> _Task objective_
After locating the line that contains "Touhou Project statuette" in the records below, write out exactly that line and each line after it through the one that contains "MINI Cooper Paceman 1.6 - 1", and nothing else.

Crawled caption data
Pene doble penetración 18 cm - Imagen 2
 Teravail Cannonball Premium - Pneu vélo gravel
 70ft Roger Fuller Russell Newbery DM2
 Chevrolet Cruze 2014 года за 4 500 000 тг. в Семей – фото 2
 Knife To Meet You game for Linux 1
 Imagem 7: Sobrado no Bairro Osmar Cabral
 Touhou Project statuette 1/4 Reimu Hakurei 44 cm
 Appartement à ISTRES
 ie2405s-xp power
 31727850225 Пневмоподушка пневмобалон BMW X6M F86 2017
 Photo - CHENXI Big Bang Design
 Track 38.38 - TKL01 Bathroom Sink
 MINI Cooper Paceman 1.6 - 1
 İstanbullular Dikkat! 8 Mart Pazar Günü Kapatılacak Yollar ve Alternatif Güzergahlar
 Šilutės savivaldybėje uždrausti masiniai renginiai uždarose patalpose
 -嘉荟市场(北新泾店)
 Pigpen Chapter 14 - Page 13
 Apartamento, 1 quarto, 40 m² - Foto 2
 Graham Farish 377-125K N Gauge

> _Result of the exercise_
 Touhou Project statuette 1/4 Reimu Hakurei 44 cm
 Appartement à ISTRES
 ie2405s-xp power
 31727850225 Пневмоподушка пневмобалон BMW X6M F86 2017
 Photo - CHENXI Big Bang Design
 Track 38.38 - TKL01 Bathroom Sink
 MINI Cooper Paceman 1.6 - 1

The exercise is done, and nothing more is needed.